┌──
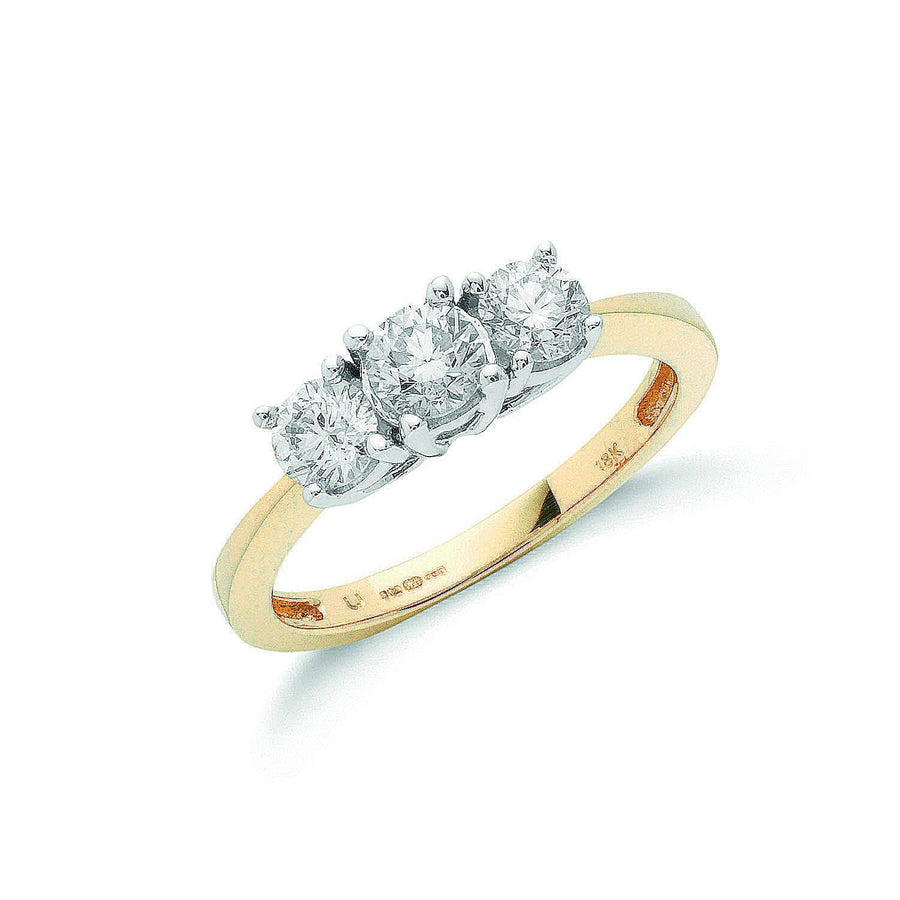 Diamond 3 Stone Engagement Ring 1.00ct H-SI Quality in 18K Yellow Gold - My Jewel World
└──
┌──
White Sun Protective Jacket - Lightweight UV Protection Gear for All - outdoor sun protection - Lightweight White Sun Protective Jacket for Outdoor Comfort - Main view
└──
┌──
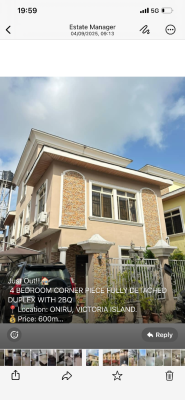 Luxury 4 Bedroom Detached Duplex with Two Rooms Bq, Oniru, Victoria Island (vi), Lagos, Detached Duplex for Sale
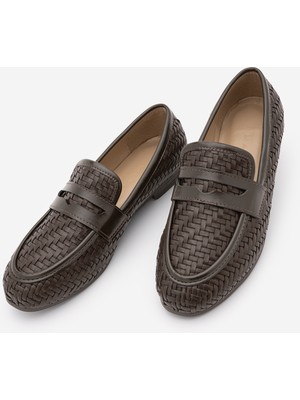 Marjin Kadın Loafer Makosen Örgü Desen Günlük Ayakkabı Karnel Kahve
└──
REQUIRED WORK:
Reproduce the lines above starting at the one with "Luxury 4 Bedroom" and ending at the one with "Marjin Kadın Loafer", both included, exactly and with no pictures.

WORKED SOLUTION:
 Luxury 4 Bedroom Detached Duplex with Two Rooms Bq, Oniru, Victoria Island (vi), Lagos, Detached Duplex for Sale
 Marjin Kadın Loafer Makosen Örgü Desen Günlük Ayakkabı Karnel Kahve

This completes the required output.